Kennel Cough (canine infectious tracheobronchitis) is a highly contagious respiratory disease. Dogs can spread it to one another through direct contact, airborne droplets, or contaminated surfaces such as toys, water or food bowls, etc. The ease of transmission of this disease is why it spreads so easily in places like dog parks, doggy daycares, training groups, and more.


Signs of Kennel Cough


A dog with kennel cough may display one or more of these symptoms

  • A strong cough with a honking sound

  • Runny nose

  • Sneezing

  • Lethargy

  • Loss of appetite

  • Low fever

Dogs with kennel cough should be isolated from other dogs and kept at home until they have been symptom-free for two weeks.


What if my Dog has Kennel Cough?


A lot of dogs will only see mild symptoms. Puppies, senior dogs, and dogs with underlying health issues are at a higher risk for more severe symptoms and secondary infections. More severe cases will need veterinarian prescribed medication(s) to ease and treat the symptoms.


While your dog has kennel cough it's suggested to use a harness instead of a leash so as not to further irritate their trachea and cause more coughing.


If your dog needs to see a veterinarian please remember to tell them you suspect kennel cough so they can take appropriate precautions to limit potential exposure to other dogs.

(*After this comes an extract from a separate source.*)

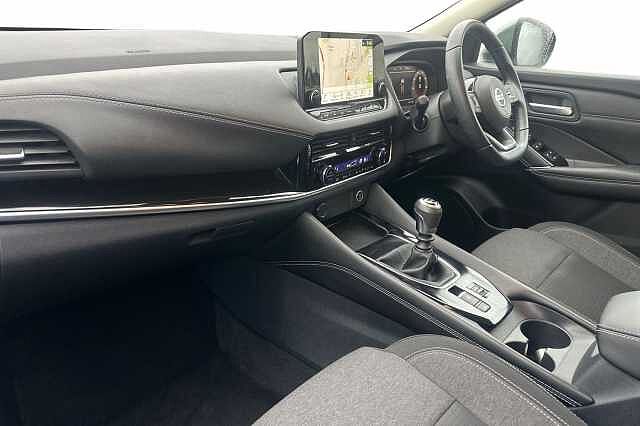 Nissan Qashqai 1.3 DiG-T MH N-Connecta 5dr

Should I Take my Dog to the Vet?


Most dogs with kennel cough experience mild symptoms that don't need veterinarian prescribed medication(s). If you think your dog is uncomfortable or struggling call your veterinarian, discuss options with them, and schedule an appointment if needed.


Kennel cough is easily treatable but does have a lot of the same symptoms as the canine distemper virus which is much more serious. There are other conditions that can present with similar symptoms such as collapsing trachea, bronchitis, asthma, and even heart disease. If in doubt, just call your veterinarian.


Can Kennel Cough be Prevented?


A bordetella vaccine is available in oral, intranasal, and injectable forms. It's usually required for dogs at dog boarding facilities, doggy daycares, dog sports, etc.


This vaccine is sort of like the human flu vaccine where it's advised to help decrease symptoms or avoid the ailment altogether, but it doesn't necessarily cover every strain.


If you ever have any questions about your dog's health or are seeking to understand something related or potentially related to your dog's health, don't be afraid to reach out to your veterinarian and get your questions answered.